Medicalisation

January 28, 2020 — June 10, 2023

classification
ethics
health
language
wonk
Figure 1

Stub. On the mechanics and political economy of calling phenomena diseases, versus other classifications.

Contested questions: Are the following phenomena best regarded through the lense of disease, or not? ADHD? depression? cognitive enhancement by nootropics? Personality disorders Transgender identities Sexual orientation? General weirdness? Treating things, even parts of things, as medical conditions can be stigmatising. But also, observationally speaking, it can motivate the apparatus of society to treat them.
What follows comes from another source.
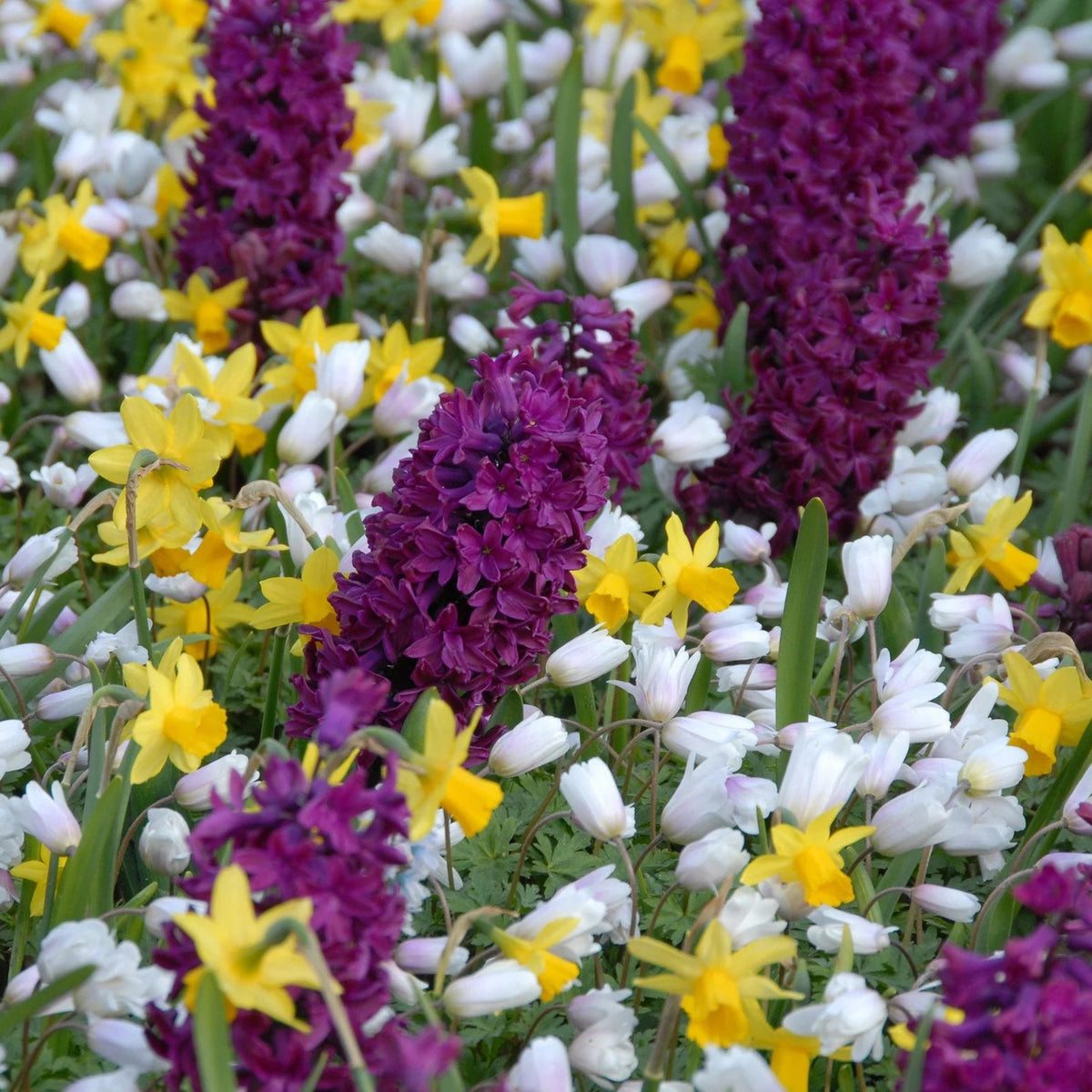 Jacinthe violet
One alternative seems to be classifying these sates as moral failings, which rarely seems helpful. Are there universal principles we can find for this, or merely contingent attempts to solve for marginal improvements to the status quo?

Why does classifying something as a disease make it more legitimate to treat it, whereas mere need to thrive does not? What are the status effects of calling something an illness versus a preference? I’m curious about the interaction with the great society, making disease legible and thus implicating it in e.g. the health care system.

1 Incoming

  • Sam Atis, in More notes on ADHD, connects ADHD medication to nootropics and finds no meaningful differentiation.
  • Lionel Shriver compares transgenderism to anorexia. Because this is a fraught topic I will flag that I diagree with her conclusion, but she does some interesting work there.

Diseased thinking: dissolving questions about disease.